CVE-2023-32035: 
vulnerability analysis and mitigation

A Remote Procedure Call Runtime Denial of Service Vulnerability identified as CVE-2023-32035 was discovered affecting Microsoft Windows systems. The vulnerability was initially reported on May 1, 2023, and publicly disclosed on July 11, 2023. The vulnerability affects multiple versions of Microsoft Windows including Windows 10, Windows 11, and various Windows Server editions (NVD).

The vulnerability has been assigned a CVSS v3.1 base score of 7.5 (HIGH) by NIST with a vector string of CVSS:3.1/AV:N/AC:L/PR:N/UI:N/S:U/C:N/I:N/A:H, while Microsoft Corporation assessed it with a score of 6.5 (MEDIUM) with vector string CVSS:3.1/AV:N/AC:L/PR:L/UI:N/S:U/C:N/I:N/A:H. The vulnerability is classified as CWE-125 (Out-of-bounds Read) by Microsoft Corporation (NVD).

The vulnerability primarily affects system availability, with no direct impact on confidentiality or integrity.
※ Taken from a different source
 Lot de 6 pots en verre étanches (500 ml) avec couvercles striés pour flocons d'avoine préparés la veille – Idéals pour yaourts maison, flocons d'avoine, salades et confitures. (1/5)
If successfully exploited, it can result in a denial of service condition in the Remote Procedure Call Runtime (NVD).

Microsoft has released security updates to address this vulnerability across affected Windows versions. Updates are available for Windows 10 (versions 1507 through 22H2), Windows 11 (21H2 and 22H2), and Windows Server versions (2008 through 2022) (Rapid7).